* _Given data_:
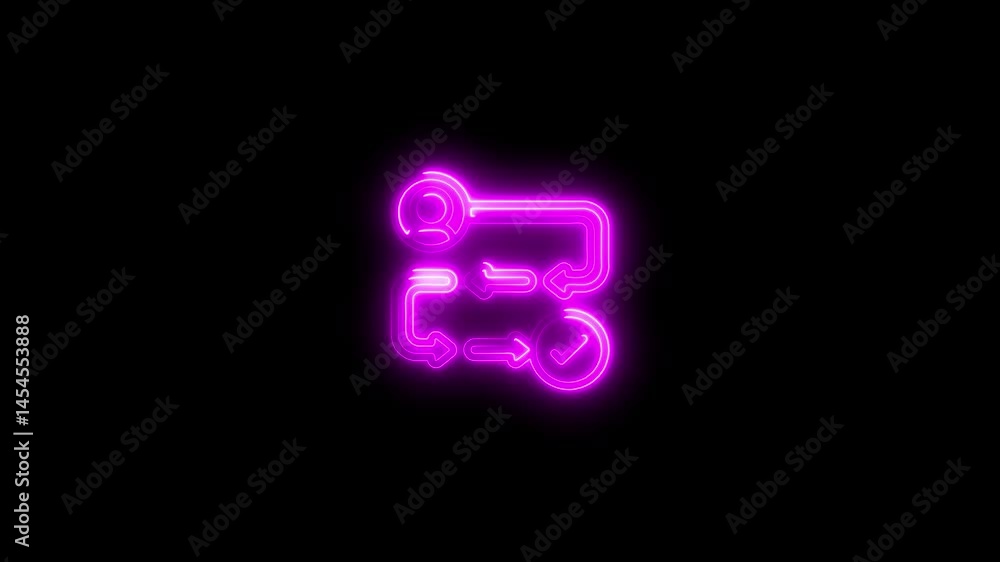 Poster glowing neon diagram of workflow process with a black background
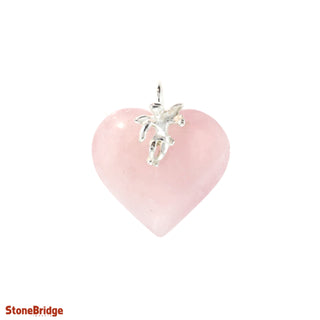 Rose Quartz Heart & Angel - 925 Silver Pendant from The Rock Space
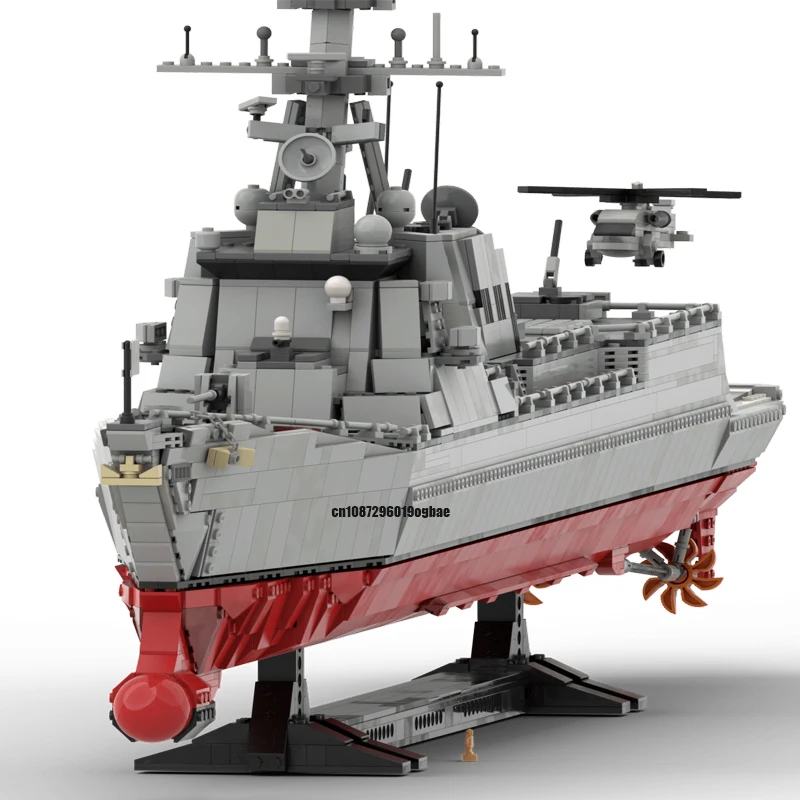3513PCS WW2 군사 MOC 1:150 스케일 Arleigh Burke 클래스 구축함 모델 창의적인 아이디어 하이테크 어린이 장난감 조립 퍼즐 선물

* _Activity_:
The answer should consist solely of the lines from the one containing "Rose Quartz Heart" through the last line of the material, copied exactly, with pictures left out.

* _Solution to the exercise_:
 Rose Quartz Heart & Angel - 925 Silver Pendant from The Rock Space
3513PCS WW2 군사 MOC 1:150 스케일 Arleigh Burke 클래스 구축함 모델 창의적인 아이디어 하이테크 어린이 장난감 조립 퍼즐 선물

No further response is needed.